The Supreme Court once said pothole deaths are “unacceptable and frightening, worse than terrorism.” Yet contractors continue daylight chaos with no accountability.

Public works here are not designed for safety. They are designed for kickbacks. So public safety has never really been a concern for the Government.

But this tragedy is not Government-made alone. It is co-authored by us.

We don’t care about our own safety. We wear helmets on our arms, not our heads. We buy fake ISI-marked helmets knowing they will snap at the first impact.

We gather on the railway tracks to watch Ram Leela. We jump out of moving trains. We dash across highways to save two minutes. And when accidents happen, we blame destiny.

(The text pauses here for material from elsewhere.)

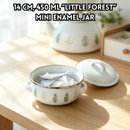 idrop 1 PCS 14CM 450ML Mini Enamel Storage Pot with Lid Nordic Style Enamel Jar Container Seasoning Sugar Storage Container Kitchen Organizer Set Bekas Enamel Mini 14CM 450ML 1PCS Dengan Penutup Gaya Nordic, Perasa dan Gula Kiub Penyimpanan Dapur
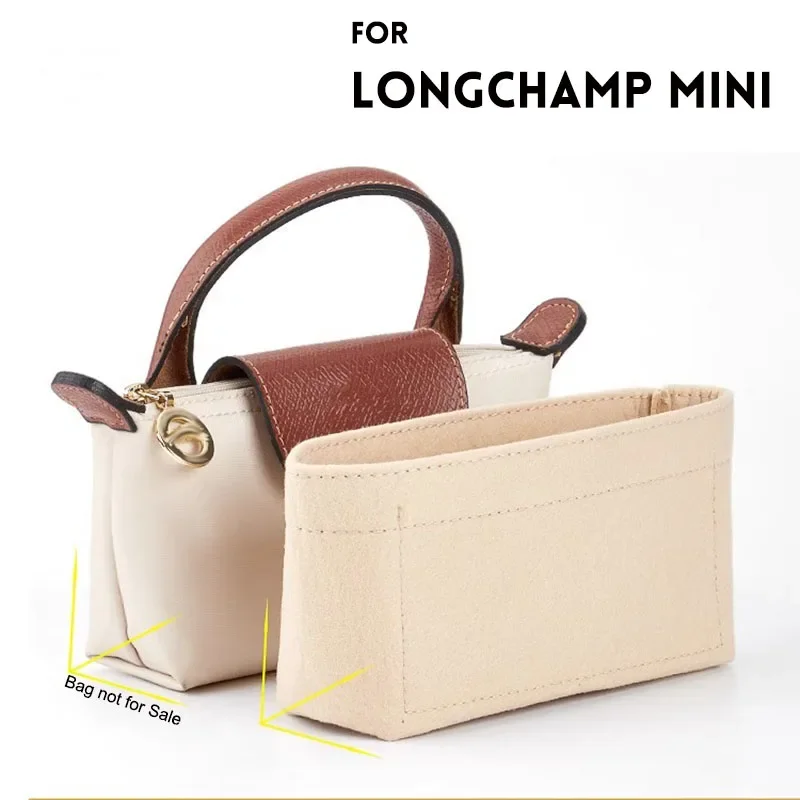 Bag Organizer LONGCHAMP Mini Tote Timid Bag Storage & Finishing Inner Liner Handbags Insert Organizer Fit Mini Size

Maruti Suzuki once found that when offered airbags for Rs. 6,000, only 5 percent of Alto buyers opted for them. We don’t care about our own safety, so why would the Government?

Then, of course, we never vote for our collective cause. We vote for our caste and cash. That being the case, what can you expect but an explosion here, an oil spill there and potholes everywhere.

Where are the activists now? Where is the so-called ‘woke’ generation? We saw marches for “free Palestine” last year in Mysuru! Where is the march for a ‘free Mysuru’s footpaths’, the one we actually use every day?

Today, educated Mysureans passionately debate about Donald Trump, free Palestine, Modi Vs Rahul. Meanwhile, they ignore Mysuru, its air, its water, its dying trees and its broken roads.

Mysuru is your city. Not Washington. Not Gaza. Not Delhi. So, worry about Mysuru first.

Politicians and bureaucrats will continue to profit from chaos. We will enable it with our silence. And we will pay for it with our blood as our air, water and footpaths are polluted, one explosion at a time.

It is time, Mysureans stopped being spectators and became citizens again.

Dear readers, I wish you all a healthy and joyous year ahead. I also thank you all for reading what I write and hopefully I have done my job of entertaining, informing and evoking a moment of introspection. Once again, wish you all a very Happy New Year.